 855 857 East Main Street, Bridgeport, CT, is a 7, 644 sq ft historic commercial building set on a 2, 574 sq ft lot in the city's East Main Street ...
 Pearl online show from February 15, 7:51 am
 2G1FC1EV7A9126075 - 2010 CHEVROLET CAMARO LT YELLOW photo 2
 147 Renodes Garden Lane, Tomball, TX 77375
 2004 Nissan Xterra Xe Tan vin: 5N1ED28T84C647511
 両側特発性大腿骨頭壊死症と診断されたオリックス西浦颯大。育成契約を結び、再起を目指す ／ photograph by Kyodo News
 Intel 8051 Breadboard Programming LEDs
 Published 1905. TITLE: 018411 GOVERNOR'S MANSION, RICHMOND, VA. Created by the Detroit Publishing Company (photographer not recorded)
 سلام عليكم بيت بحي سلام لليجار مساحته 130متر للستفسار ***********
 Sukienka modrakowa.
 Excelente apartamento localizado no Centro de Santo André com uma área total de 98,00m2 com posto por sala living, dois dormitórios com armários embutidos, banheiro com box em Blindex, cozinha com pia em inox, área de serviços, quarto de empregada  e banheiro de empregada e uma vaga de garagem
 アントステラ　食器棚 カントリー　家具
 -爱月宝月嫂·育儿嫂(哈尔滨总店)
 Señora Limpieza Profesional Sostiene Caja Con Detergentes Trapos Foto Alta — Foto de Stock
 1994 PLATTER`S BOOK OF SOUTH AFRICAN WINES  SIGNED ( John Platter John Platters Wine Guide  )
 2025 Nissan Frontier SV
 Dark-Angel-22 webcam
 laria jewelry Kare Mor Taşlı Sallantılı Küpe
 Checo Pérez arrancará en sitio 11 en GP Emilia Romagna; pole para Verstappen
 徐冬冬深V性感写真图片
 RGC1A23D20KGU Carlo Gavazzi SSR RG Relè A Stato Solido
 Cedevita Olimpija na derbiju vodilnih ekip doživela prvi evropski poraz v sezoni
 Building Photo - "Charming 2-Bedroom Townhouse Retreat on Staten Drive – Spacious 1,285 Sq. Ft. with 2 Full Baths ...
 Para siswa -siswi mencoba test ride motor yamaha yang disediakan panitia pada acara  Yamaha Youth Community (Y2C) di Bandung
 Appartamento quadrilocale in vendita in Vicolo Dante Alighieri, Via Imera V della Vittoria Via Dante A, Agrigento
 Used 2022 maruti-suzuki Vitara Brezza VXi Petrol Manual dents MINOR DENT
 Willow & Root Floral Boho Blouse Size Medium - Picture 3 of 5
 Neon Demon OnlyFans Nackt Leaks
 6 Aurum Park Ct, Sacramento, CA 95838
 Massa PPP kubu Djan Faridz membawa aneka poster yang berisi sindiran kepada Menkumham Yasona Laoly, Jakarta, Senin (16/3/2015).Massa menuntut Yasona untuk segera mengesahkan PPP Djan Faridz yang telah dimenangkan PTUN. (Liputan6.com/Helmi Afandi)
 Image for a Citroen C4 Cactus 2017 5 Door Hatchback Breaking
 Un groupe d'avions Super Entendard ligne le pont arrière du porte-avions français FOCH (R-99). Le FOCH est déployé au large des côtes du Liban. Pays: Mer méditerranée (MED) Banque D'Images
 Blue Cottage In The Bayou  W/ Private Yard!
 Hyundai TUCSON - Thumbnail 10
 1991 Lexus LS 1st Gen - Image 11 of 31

★ ★ ★ ★

> **PROBLEM TO WORK ON**: After locating the line with "BOOK OF SOUTH" in the material above, return it and each line after it exactly, ending at the line with "RGC1A23D20KGU Carlo Gavazzi".

> **ANSWER TO THIS EXERCISE**:
 1994 PLATTER`S BOOK OF SOUTH AFRICAN WINES  SIGNED ( John Platter John Platters Wine Guide  )
 2025 Nissan Frontier SV
 Dark-Angel-22 webcam
 laria jewelry Kare Mor Taşlı Sallantılı Küpe
 Checo Pérez arrancará en sitio 11 en GP Emilia Romagna; pole para Verstappen
 徐冬冬深V性感写真图片
 RGC1A23D20KGU Carlo Gavazzi SSR RG Relè A Stato Solido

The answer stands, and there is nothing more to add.